Like Levin, I'm also not aware of any West Point cadets who renounced slavery and then supported the Confederacy. Although I recall (vaguely) some examples of Southerners freeing and/or denouncing slavery and supporting the Confederacy. There is some evidence that Stonewall Jackson expressed opposition to slavery prior to the war and prior to his enrollment at West Point. Those familiar with James Robertson's biography of Jackson are aware that Robertson believed that Jackson likely opposed slavery, even though he fought for the Confederacy:
Jackson neither apologized for nor spoke in favor of the practice of slavery. He probably opposed the institution. Yet in his mind the Creator had sanctioned slavery, and man had no moral right to challenge its existence.
Historian and fellow blogger Robert Moore has told me that he had a great x 3 grandfather who freed his slaves before the war and yet his son served in the Stonewall Brigade. This son was not a conscript and served as a company commander. Point is, opposing slavery and supporting the Confederacy was not, as many of us are aware, unheard of - something Levin and many of his followers seem to struggle with. There were a number of reasons, besides slavery, that some Southerners took up arms against the Union - having your sons beheaded by Union soldiers, for example. Thus the movie's storyline is not all that unrealistic - even though it may not be specifically historically factual. But let's not forget, it's just a film.

You can watch the trailer below. It looks interesting to me. It may be horrible. It may be so-so. It may be great. But I haven't seen it yet. So I'll withhold judgement until I actually view it - something I'd recommend for others as well. And try to remember, it's just a film.

And while thinking about the reaction to this movie, one should compare it to the reaction to another recent Civil War movie - just for giggles.

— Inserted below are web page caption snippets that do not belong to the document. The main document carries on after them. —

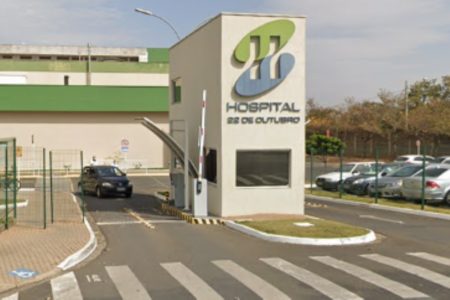 Imagem colorida da fachada do Hospital 22 de Outubro, na imagem também aparecem carros. Metrópoles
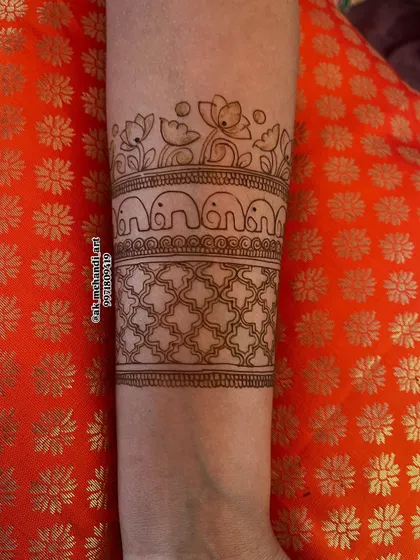 This is the outline stage of the elephant and lotus band design. My classes emphasize the importance of a perfect outline before starting the detailed filling work.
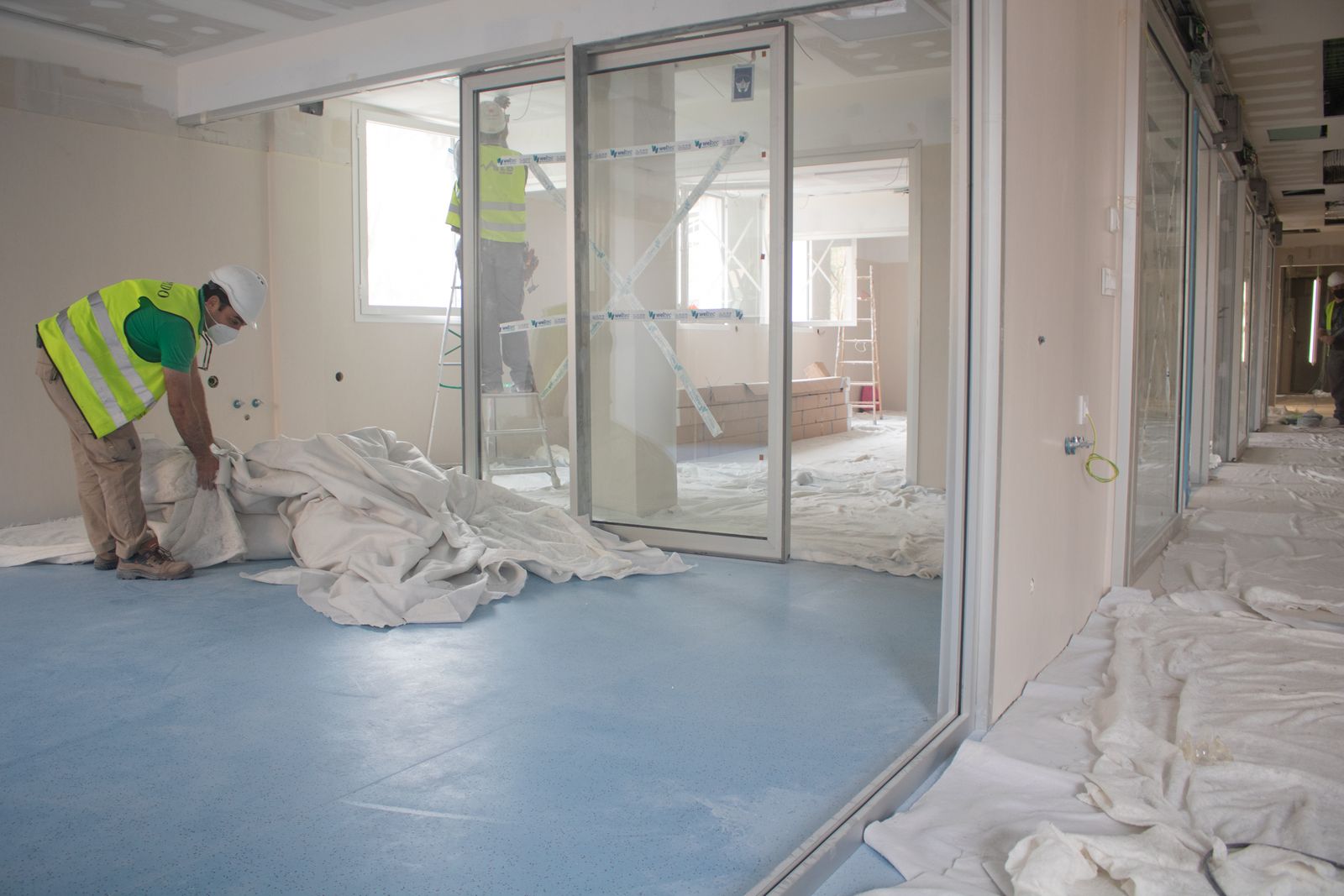 Dos operarios trabajan en los últimos retoques en los nuevos boxes de la UCI del Virgen del Rocío.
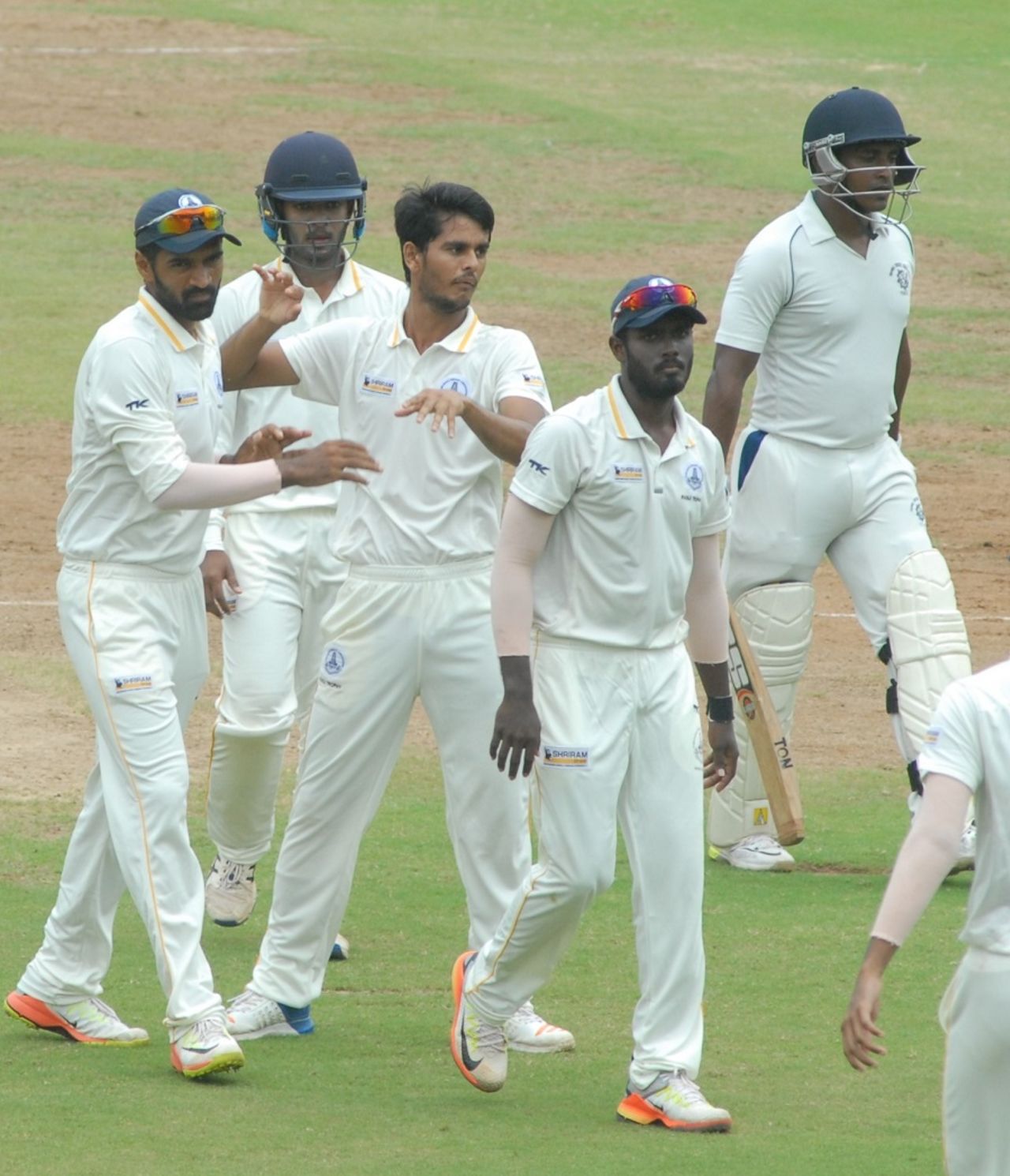 K Vignesh is mobbed by his team-mates, Tamil Nadu v Tripura, Ranji Trophy 2017-18, second round, 2nd day, Chennai, October 15, 2017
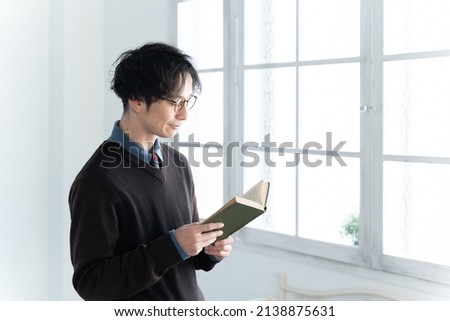 Asian man reading a book in the room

And an update: Here's an excerpt from an entertainment website that doesn't like the film either but, ironcially, for a different type of inaccuracy:
Point of Honor clearly wants to commit to the real drama of the American Civil War, but it lacks the budget and the attention to detail necessary. Sure, I’m being a fussy snob in calling out their historically inaccurate musical choice, but they also make the mistake of having two characters blatantly discuss how the Civil War was all about slavery. It wasn’t. It was in part about slavery, but slavery was a moral concern for abolitionists. The American Civil War was about how centralized government should be and it’s a dispute that still rages on Capitol Hill. [Emphasis mine.]
Oh my, I can almost hear the sound of panties bunching already.


Eddie said...

Powell Hill seems to have been another West Pointer with no interest in slavery. He had no slaves to free because he, nor his family, owned any.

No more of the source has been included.